II] En tant qu’écologistes et progressistes, nous rejetons avec véhémence toute approche essentialiste des identités, car nous savons où cela mène…

Souvenons-nous du Rwanda mes cher-e-s collègues.

Nous devons donc nous défier de toute lecture ethnique trop simpliste, et nous attaquer aux réels problèmes qui minent le Mali.

Et ils sont nombreux !

Gagner un conflit, c’est d’abord gagner la paix.

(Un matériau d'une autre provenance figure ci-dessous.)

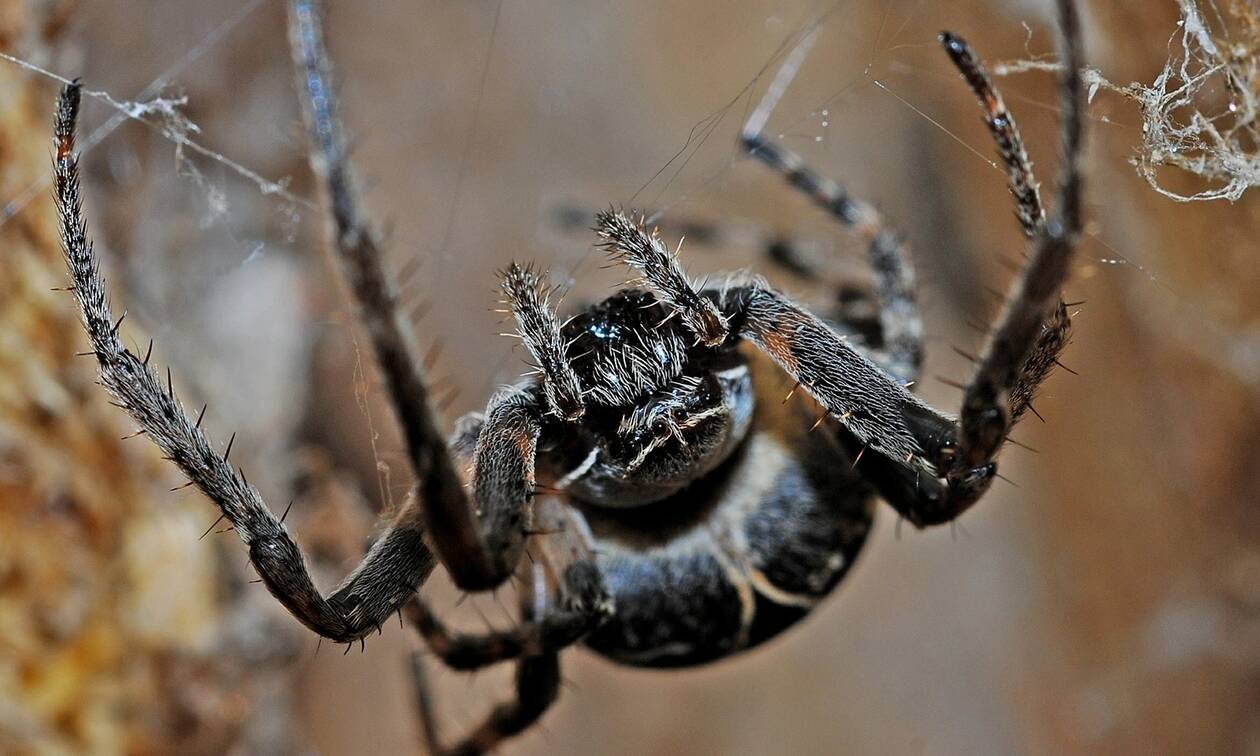 Συναγερμός στην Πάτρα για τη μαύρη αράχνη: Βρέφος στη ΜΕΘ μετά από τσίμπημα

Car le pouvoir malien est en pleine décrépitude…

Qui gouverne le pays ?

Le pouvoir civil ? La junte militaire ?

Qu’en est-il de l’état du système judiciaire malien, de son administration, de ses services publics ?

Quel est le niveau de corruption institutionnel ?

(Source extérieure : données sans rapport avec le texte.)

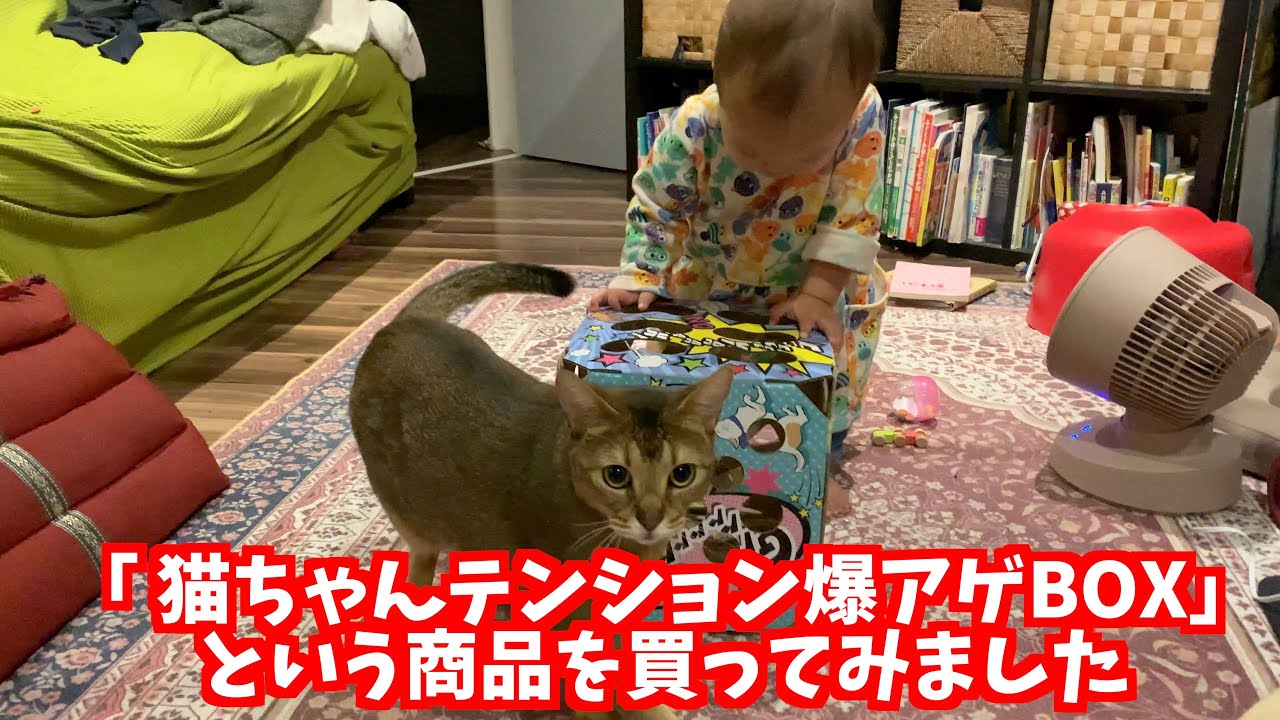 猫ちゃんテンション爆アゲBOXに対するキビの反応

QUEL EST LE ROLE DES ACTEURS REGIONNAUX ? QUEL EST LE ROLE DE L’ALGERIE ?

Pour répondre à toutes ces questions, la France et l’Europe, dramatiquement absente, doivent d’abord porter leur concours à la mise en place d’institutions légitimes et démocratiques pérennes, répondant aux aspirations de la société civile.

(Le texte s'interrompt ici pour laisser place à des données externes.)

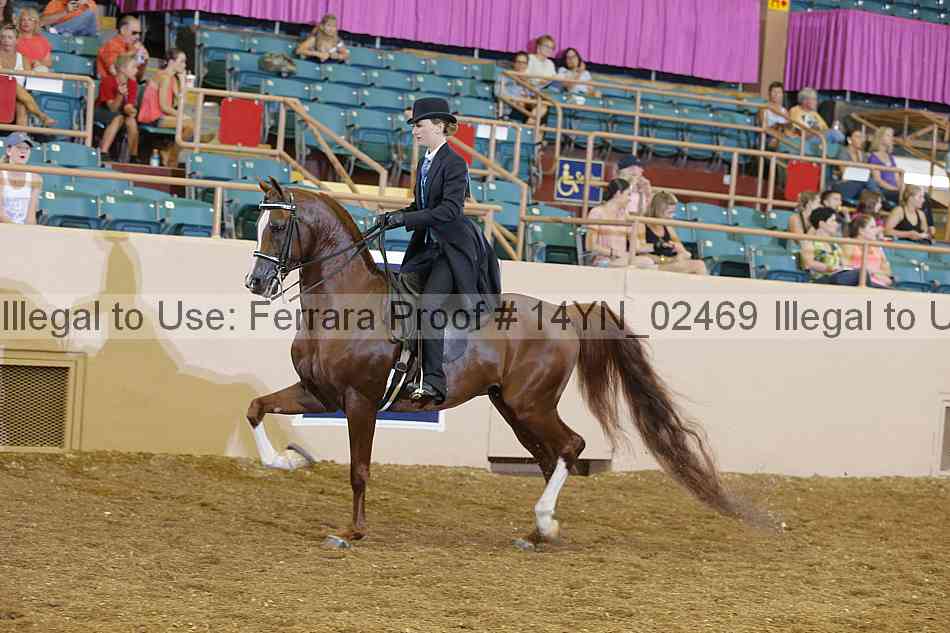 Proof 14yn_02469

On a fait l’Europe des banques et de la finance.

Où en est l’Europe de la défense ?

De même, des plans de coopération pour le développement d’économies réellement durables et solidaires doivent constituer une priorité, et je tiens à saluer le travail de Pascal Canfin sur ce sujet.

Il ne s’agit pas de l’installation de multinationales voraces pillant le pays, mais bien d’un développement solidaire et durable des PME et TPE françaises et maliennes dans le cadre d’un partenariat équitable.

Il ne faut pas oublier non plus que cette crise est une conséquence historique du colonialisme dans la région et du tracé arbitraire des frontières.

La prise en compte de cette dimension est essentielle à tout processus de sortie de crise.

III] Enfin, il faut aussi prendre la mesure de la problématique environnementale dans la sous-région sahélienne.

Comme le rappelle la FAO, la sécheresse, générée par le dérèglement climatique, a, en 2012, réduit la production céréalière du Sahel de 26 pour cent par rapport à l’année précédente[1].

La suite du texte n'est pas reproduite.